You will find that the requirements for your papers become stricter and more rigorous. The good news is that writing is something you will get good at with practice.
After reading that heading, you may be thinking, “How can I find information if I do not know what I’m looking for?” Before you finalize your topic, you will want to do enough research on it to know if you can find a substantial amount of information to support your thesis. You will also be able to effectively broaden or narrow your topic to fit the length of your assignment.
Instead of saving all of your work for your references for the end, make the entries for your works cited page as you go. When you do this, you keep yourself on track and ensure that you will not forget references. It also bypasses the tedious process of putting together an entire page full of references at the end of your assignment. Likewise, you should cite your information in the body of your paper as you use your sources if it is required.

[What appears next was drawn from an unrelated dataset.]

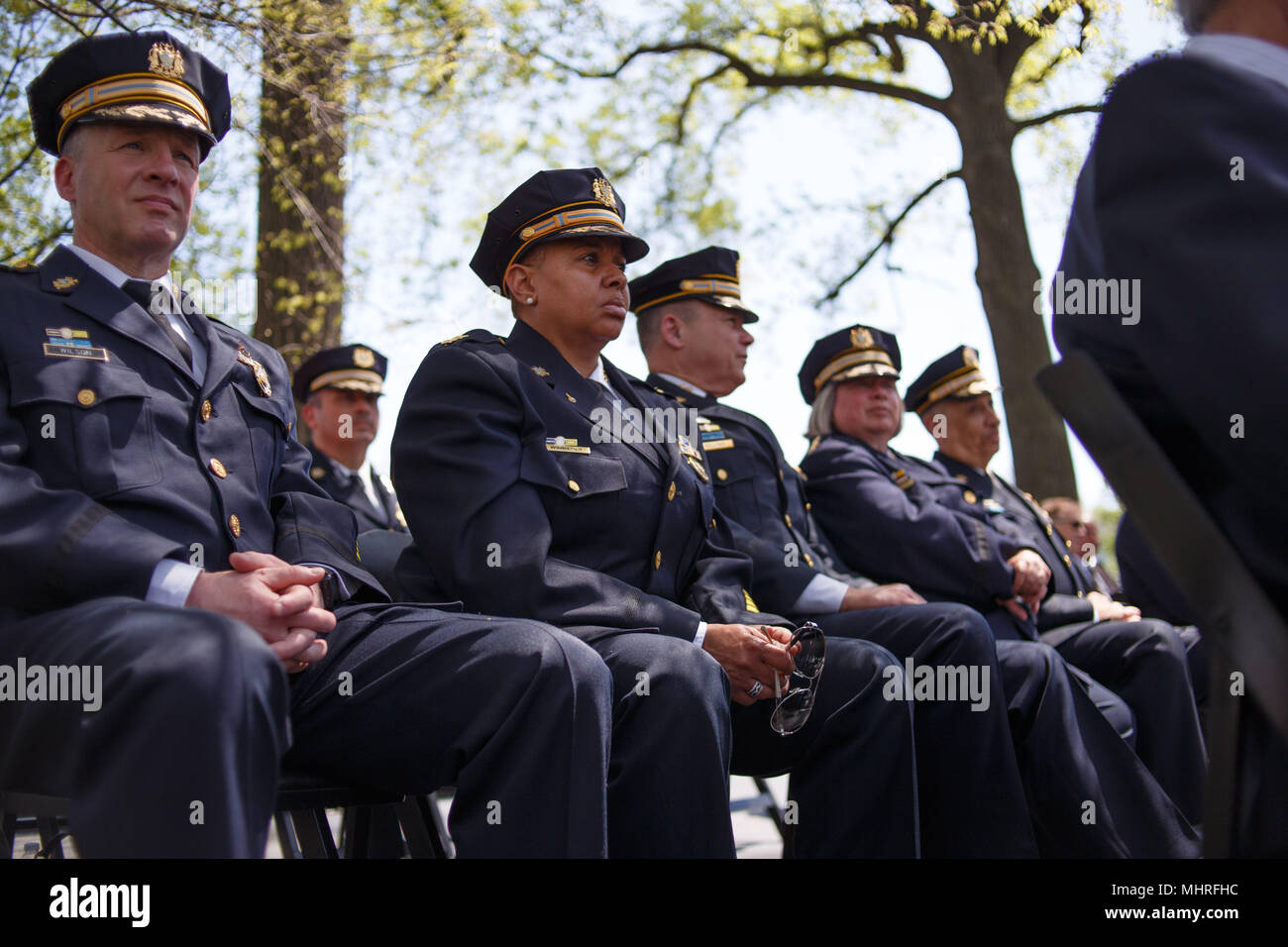 Philadelphia, PA, Stati Uniti d'America. Il 2 maggio, 2018. La polizia, vigili del fuoco, gli amici e le famiglie dei caduti primi responder frequentare l annuale fiamma viva memoriale di servizio in onore di quelle perse sul dazio in città. Credito: Michael Candelori/ZUMA filo/Alamy Live News Foto Stock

Perhaps one of the easiest ways to create an outline is using notecards. Choose two different colors of note cards, one for your main points and one for your supporting details. Write down your working thesis statement on a sheet of paper and organize your note cards according to how you want them to appear in your paper. From here, you have the option of composing the body of your work directly from the cards or using them to create a traditional outline first.
Readability and spelling and grammar require to use two separate sides of your brain. Instead of trying to do all of your proofreading at once, check for readability the first time you read through. The second time, focus on spelling, grammar, and punctuation.